The good stuff really shines through when you find your baseline. Very quickly you say ‘this is still good, but this stuff should win awards.’ Just because you didn’t win awards doesn’t mean it wasn’t good.

Do any trends stand out? 

When you look at the book you can kind of see the ebb and flow of different trends. This year, I just don’t see that. If there is a trend, it’s that winners were the simple things. It’s all about designing content. I’ve seen a lot that is overdesigned, that didn’t let the content be the content.

What do you do in your free time? 

I do a lot of riding. I enjoy cars quite a bit, and also biking. I like big wide-open spaces, and that fits in with cars and bicycles. They all go together, especially living in Kansas.

Elizabeth Burr

Elizabeth Burr is senior art director at the San Francisco Chronicle and was a features judge at SND35.

What has impressed you as a judge?

Every year when I see the book, I am really amazed, but being here as a judge, the dedication and workmanship of the pages really comes out.

Do you notice any trends?

The European papers use a wide gutter for the pull quote, mug or factoid. I see that in more papers now. People are using the negative space really well.

What inspires you, or could be called your passion, in your personal time?

My family time. Seeing my daughter (age 8) say ‘I want to design a magazine.’

Will Alford

Will Alford is a manager/new projects and business development at Cox Media Group and was on the team judging the news category at SND35.

What’s inspired you while judging?
I think in a lot of interesting pages, but I’ve also seen pages with just too much information.

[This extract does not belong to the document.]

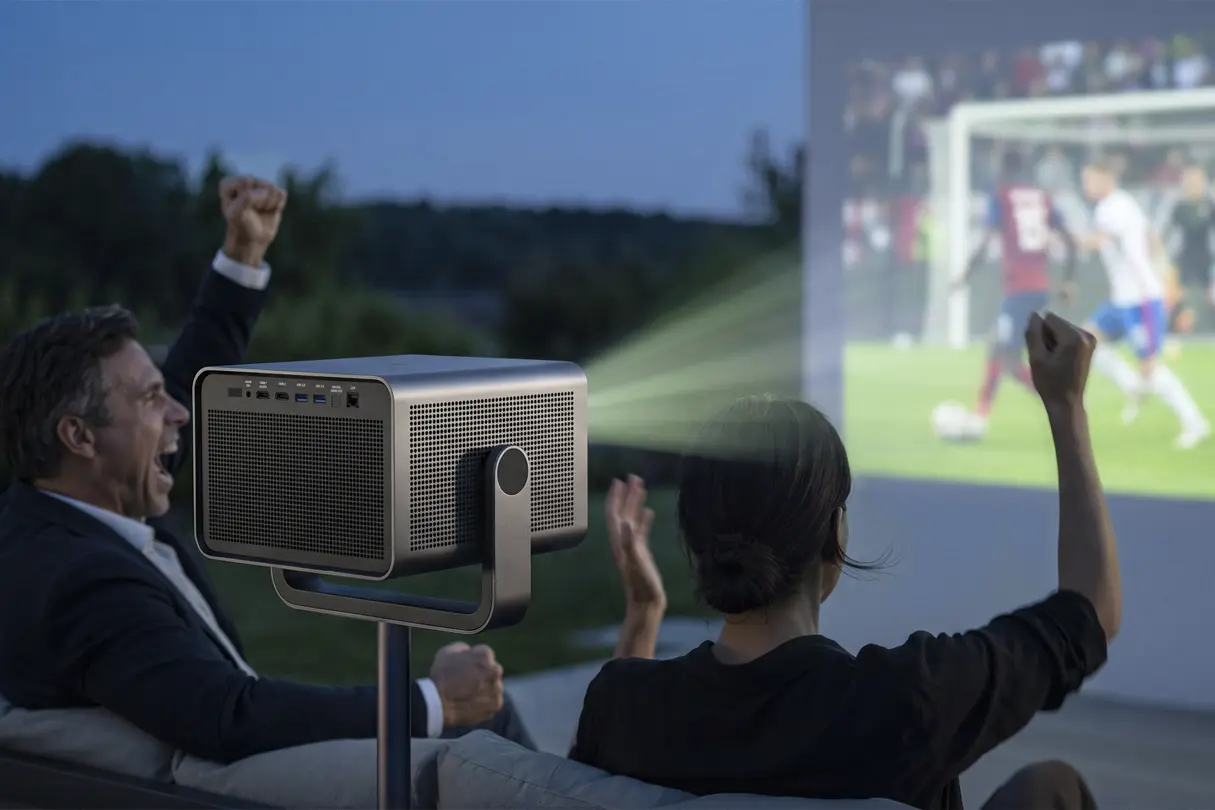 Cine Play 1 Couple watching soccer outside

The probably leads to the news question: Any advice for designers entering next year?
The best ones had a lot of data, but with data edited out that wasn’t part of the narrative that the story was telling. 

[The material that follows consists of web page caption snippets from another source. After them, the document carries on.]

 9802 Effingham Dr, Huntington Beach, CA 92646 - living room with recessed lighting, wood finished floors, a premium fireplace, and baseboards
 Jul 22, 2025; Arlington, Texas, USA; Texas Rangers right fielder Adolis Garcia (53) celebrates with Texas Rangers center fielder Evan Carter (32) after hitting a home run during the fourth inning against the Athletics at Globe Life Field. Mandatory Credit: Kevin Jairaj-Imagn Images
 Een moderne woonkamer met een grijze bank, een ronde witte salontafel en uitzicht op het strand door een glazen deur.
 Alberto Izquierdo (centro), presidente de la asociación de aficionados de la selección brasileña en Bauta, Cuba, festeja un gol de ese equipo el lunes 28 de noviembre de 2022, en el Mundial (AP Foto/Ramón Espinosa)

What do you like to do in your spare time?

I grew up near the beach, and I still like it there, taking long walks with friends.

Jason Benavides

Jason Benavides is features designer at the Charlotte Observer, and judged the features category at SND35.

What are your impressions of the work you’ve seen while judging features?

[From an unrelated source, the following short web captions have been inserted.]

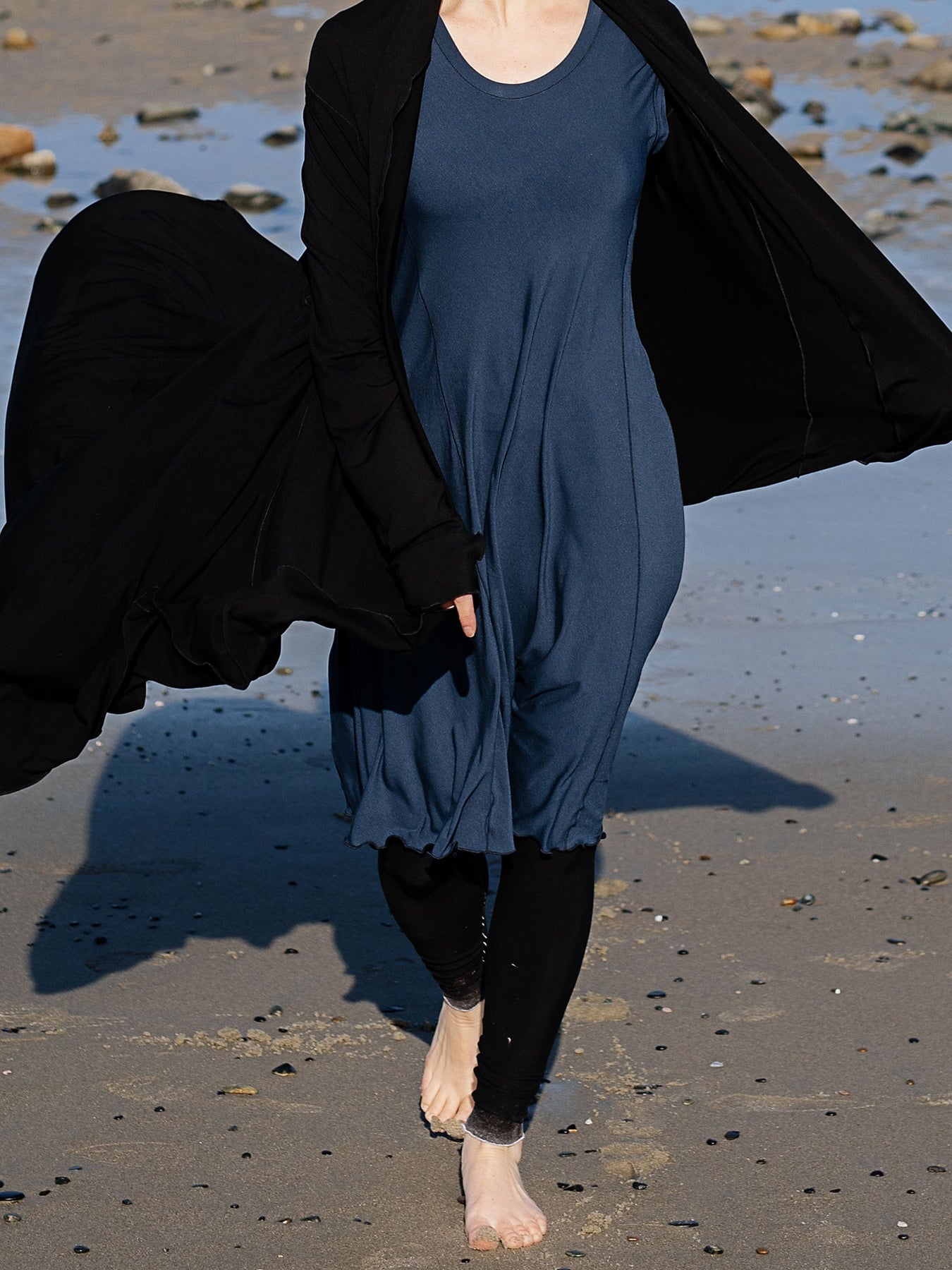 garden coat in black over glow dress in navy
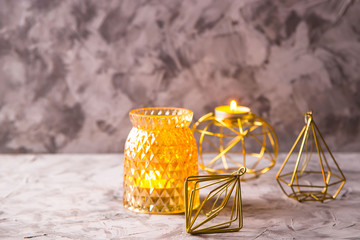 Golden Christmas decorations and candlesticks with burning candles on gray background. Festive minimalism. Copy space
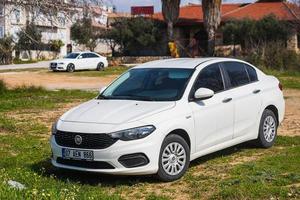 Side Turkey  February 28 2022  white   Fiat Egea   is parking  on the street on a  summer day photo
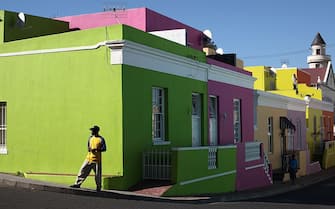 CAPE TOWN, SOUTH AFRICA - OCTOBER 20:  A man walks through the Bo-Kaap area of Cape Town on October 20, 2009 in Cape Town, South Africa. The Bo-Kaap area is a predominantly Muslim area of Cape Town with brightly coloured painted houses that line many of the streets..  (Photo by Dan Kitwood/Getty Images)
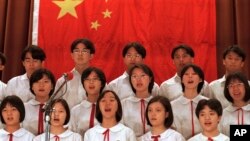 Murid-murid Sekolah Anak Pekerja Mongkok yang pro-China di Hong Kong, bernyanyi di depan bendera nasional China, 1 Oktober 1996. (AP/Vincent Yu). Mulai awal tahun depan, sekolah TK hingga SMA di Hong Kong wajib upacara bendera dan menyanyikan lagu kebangsaan seminggu sekali.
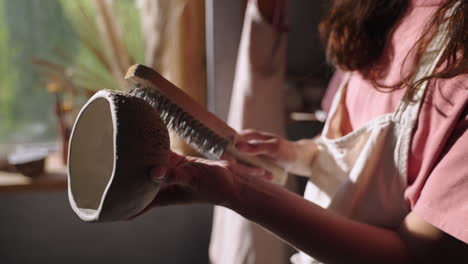 woman cleaning a pottery bowl in a workshop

I’m very impressed. Even the ones that don’t make the Award of Excellence still show good work.

This is your first time judging for SND. What do you think? 

I was honored to be asked to do it, and now that I’m here it’s been very inspiring. It makes me want to be a better individual.

Do you have any passions outside the world of design? 

I’m a bit of a sports junkie, too. Co-ed football is where I met my wife, and now we have two young children, 1 and 2 and-a-half. We love doing things outside together, throwing the ball around. The 2-and-a-half year-old is going to be a lefty.

Fabián Cárdenas

Fabián Cárdenas is the art director for El Heraldo in Barranquilla, Colombia, and was World’s Best-Designed™ Newspaper competition judge at SND35.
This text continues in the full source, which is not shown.